Ndinda, qui était en poste au marché du village, a révélé qu’elle avait été découragée après être restée à Gigiri pendant un mois sans succès.
« Certains automobilistes me regardaient avec méfiance et fermaient leurs vitres en s’approchant de l’endroit où je me tenais.
D’autres m’ont découragé de porter la pancarte et m’ont poussé à chercher plutôt un autre moyen de trouver du travail. Cependant, je n’ai pas abandonné. »
Ndinda a en outre remercié les chômeurs en disant :
« Ne perdez pas espoir, l’avenir est radieux. Lorsque le temps de Dieu est venu, vous trouverez du travail, mais vous devez vous investir car le travail ne vous trouvera pas à la maison. «
Everlyne Ndinda sur la stigmatisation liée au VIH
Ndinda a perdu son ancien emploi dans un hôtel après avoir refusé les avances de son patron et l’avoir informé qu’elle était séropositive.
La femme de 29 ans a également révélé comment elle avait appris son statut sérologique et la stigmatisation à laquelle elle était confrontée.

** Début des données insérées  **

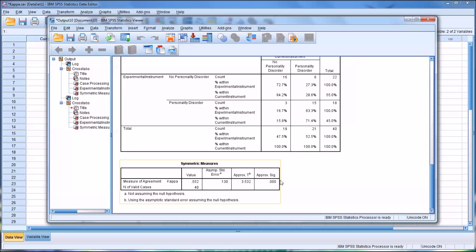So we can see there is statistical significance here, and the value of Kappa is 0.552. So in considering interrater reliability, if the value of Kappa exceeds 0.5, that's considered moderate interrater reliability. Above 0.7 would be good, and above 0.8 would be excellent.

« Mon père est mort quand j’étais en troisième année et j’ai entendu des rumeurs selon lesquelles ma famille avait le SIDA pendant les préparatifs de l’enterrement. Je suis allé faire des tests pour prouver qu’ils avaient tort, seulement pour apprendre que j’avais le virus. J’étais abasourdie parce que je n’avais jamais été avec un homme.
Ndinda a déclaré qu’elle avait lutté contre l’acceptation de soi et la stigmatisation pendant des années avant de finalement s’accepter.